Regardless of whether you’re giving a boardroom presentation to 5, a workshop to 50, or a keynote to 500, you really ought to buy and bring your own clicker. I know it sounds silly, but it matters far more than you would ever expect.
Without a clicker, you’re a goat on a rope, chained to your laptop and physically trapped in the room’s “charisma dead-zone”. Without a clicker, your computer acts as a physical wall which splits you from your audience and draws away your eyes and attention. As such, a clicker massively improves your perceived charisma. And since you can never count on a venue reliably providing them, you really, really ought to buy and bring your own. Let’s dig into exactly why it makes such a big difference.
According to The Charisma Myth, charisma isn’t an innate quality, but is rather something that you project through a combination of warmth, presence, and power. Since you’ve been invited to teach and are introduced as an expert, you’ll rarely be lacking in “power”. But both warmth and presence need to be built from scratch each time you step in front of a new audience, and trapping yourself behind the podium absolutely obliterates your chances to do so.
Strong “presence” means that the audience feels that you’re completely focused on them, and that there’s nothing in the world which is more important to you than they are. This comes across naturally when you’re standing at the front of the stage, with nothing between you and them, speaking right to them, human to human. But what do you think happens if you’ve got a podium, a laptop, and an infinitely distracting screen right in front of you?
Strong “warmth” means that you seem friendly, approachable, and humble.

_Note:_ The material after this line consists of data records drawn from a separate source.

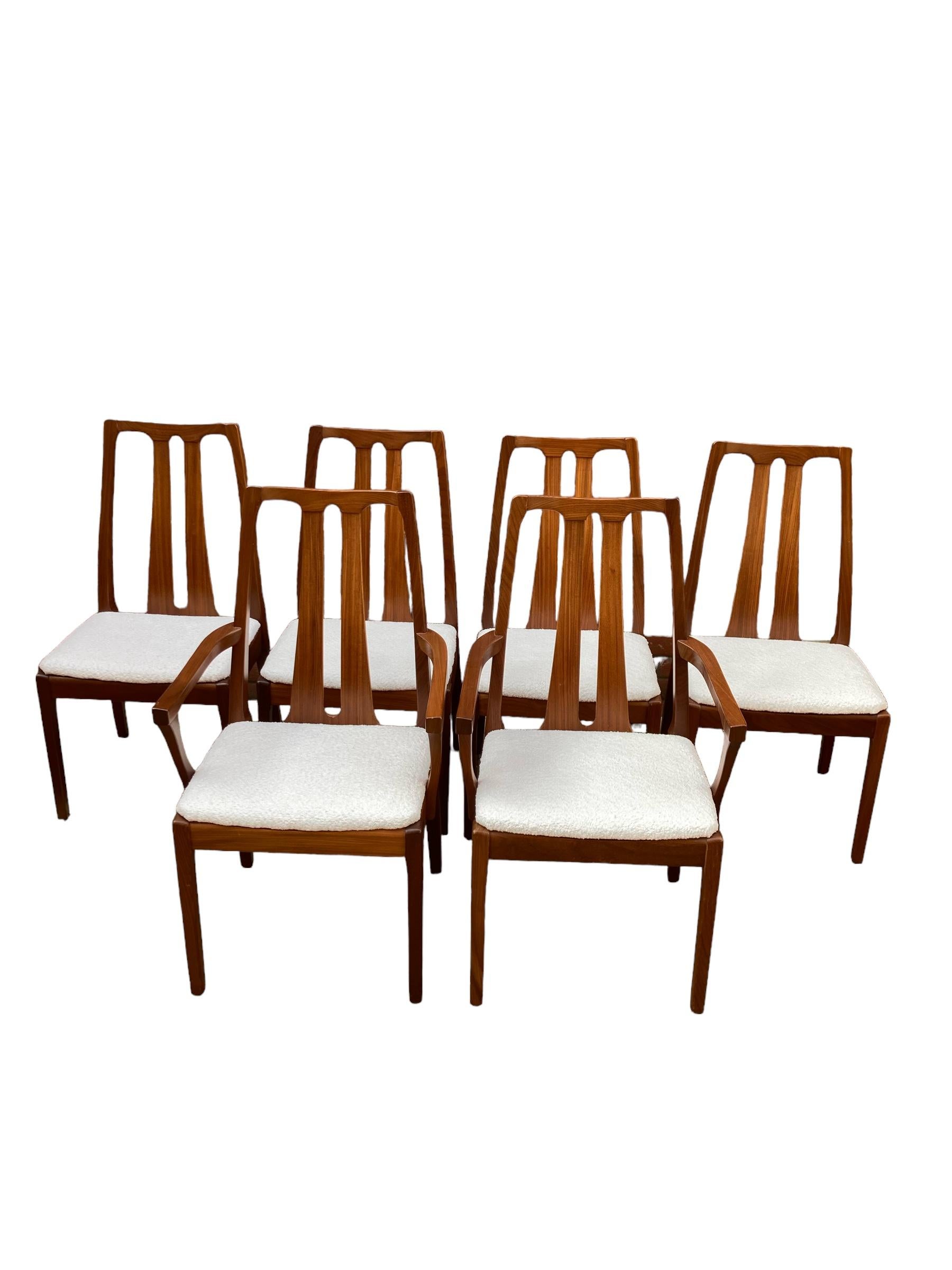 Set of 6 Mid Century Nathan Dining Chairs, Cream Boucle Upholstery, 2 Carvers 4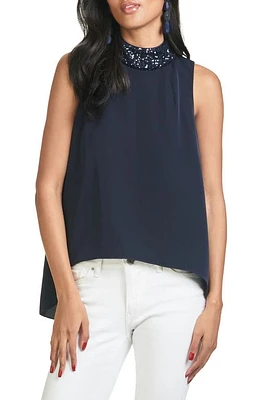 Sachin & Babi Keaton Sequin Mock Neck Crepe Blouse Midnight at Nordstrom,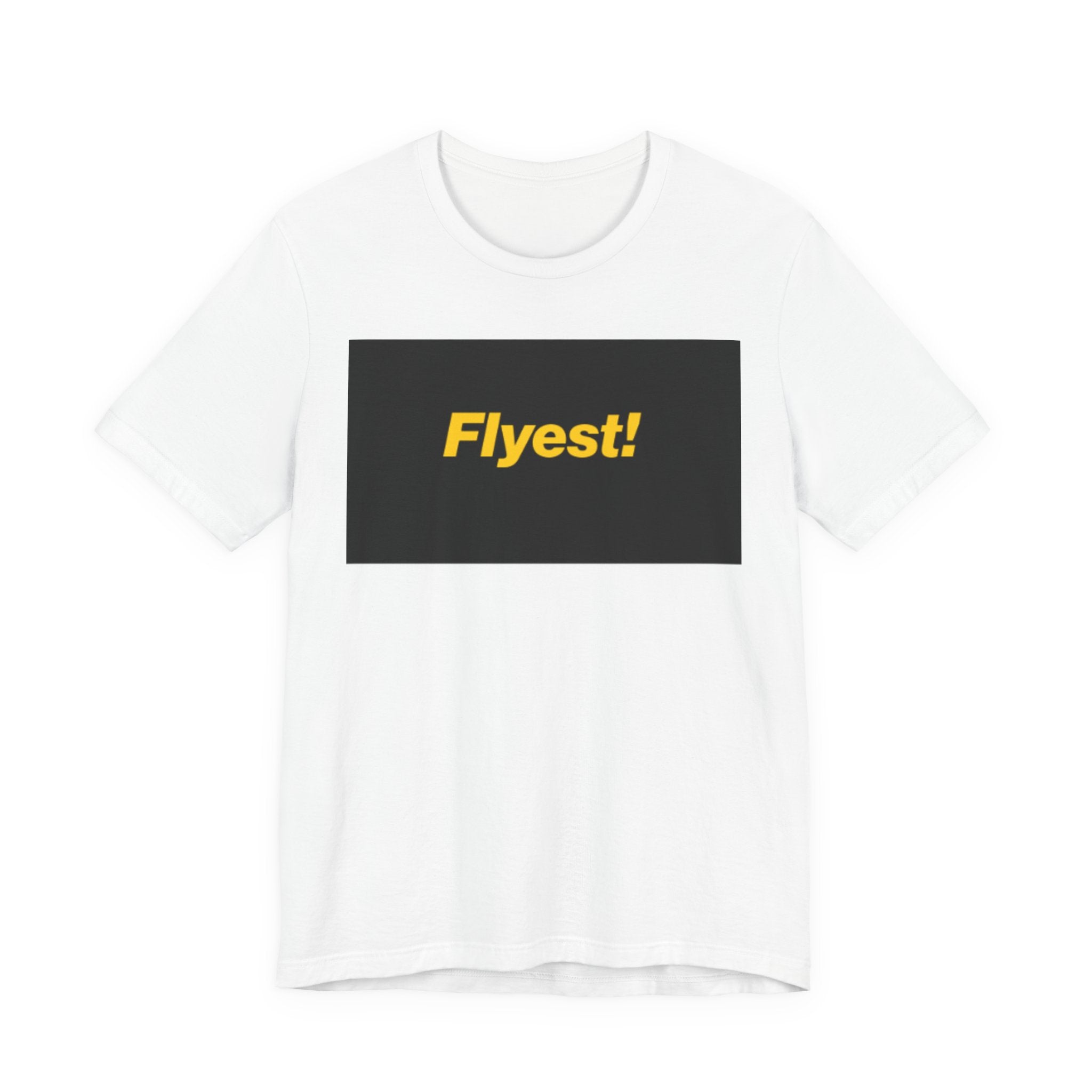 Flyest! Graphic Tee — Bold Black Rectangle Yellow Text T-Shirt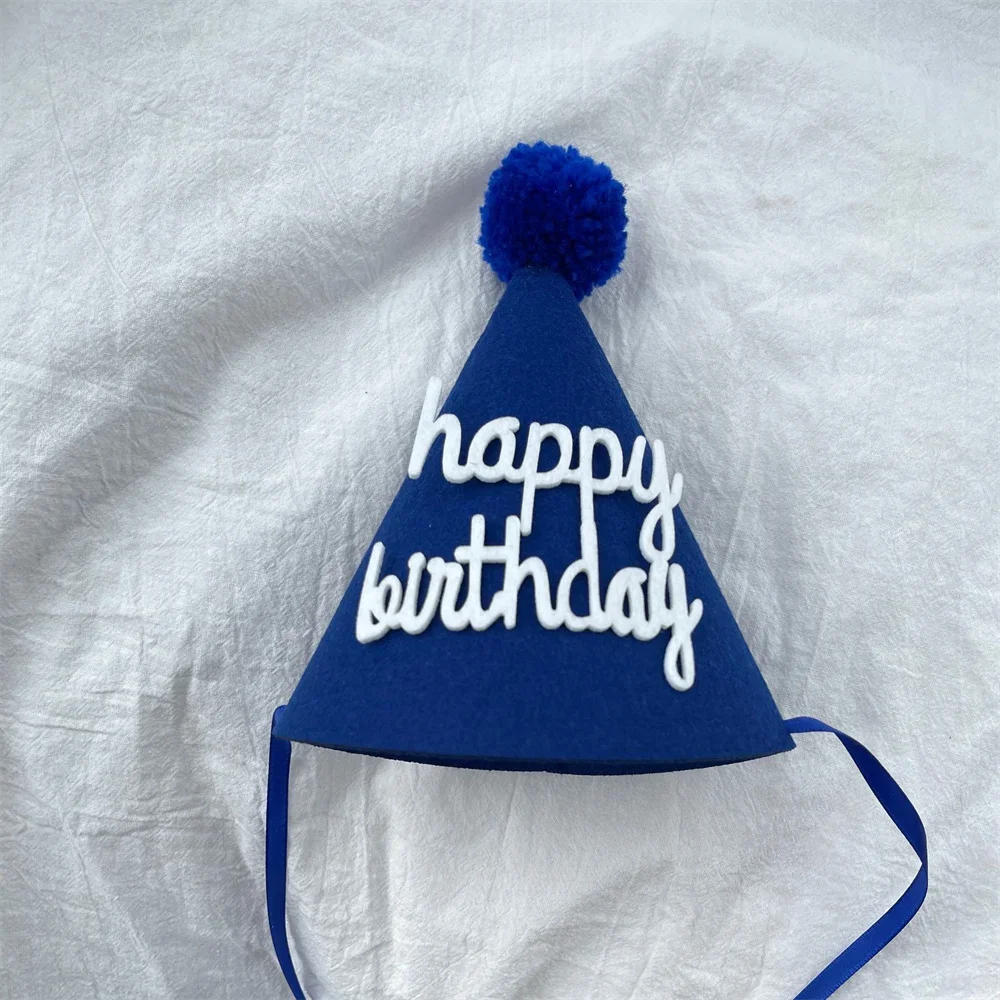 Description Picture 6 of item1pc Thickened Felt Cone Birthday Hats for Girls Boys Colorful Happy Birthday Hat Dress Up for Kids Birthday Party Decorations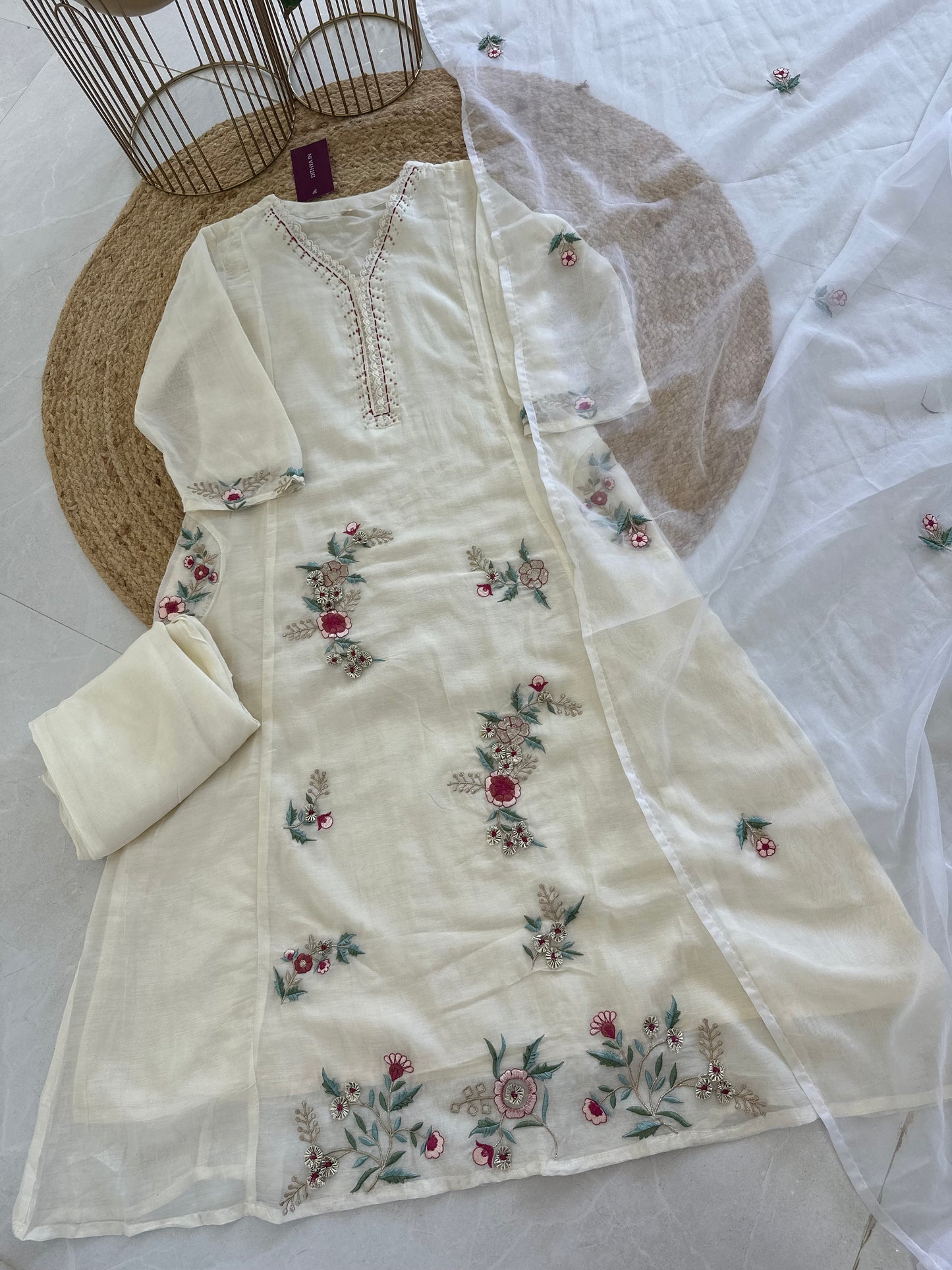 K340 - Mulmul chanderi embroidered Aline Kurti with pants and dupatta .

If you’re all “power” and no “warmth”, then you come across as impressive, but also hostile, arrogant, and unapproachable. (Having all warmth and no power, on the other hand, makes you seem weak, flimsy, and overeager to please. You need both.) Stepping out from behind the “protection” of the podium goes a long way toward making yourself seem vulnerable, human, and available to your attendees. They’ll feel more comfortable asking questions, and more comfortable revealing their own weakness.
Although charisma is a big topic with plenty to talk about, here are the top “quick fix” tips:
Get a slide clicker and stop standing behind your laptop
Get a wristwatch and classroom timer and stop using your phone as a clock/timer (holding a phone makes you seem cold and distracted)
If you assign exercises, walk the room while students are working and listen in on them thinking and talking to each other (helps warmth and presence, and also helps you teach better)
Let people finish asking questions before you jump to answer them
Watch videos of yourself teaching to see where you fidget and pace, and then get rid of whatever you’re fidgeting with
Projecting charisma isn’t about faking your personality or turning into a superstar. It’s just about making small changes to your behaviour (and your equipment!) which cause you to come across just like you already are with your friends: friendly (warm), competent (powerful), and there for them (present). But you need a clicker. Get one!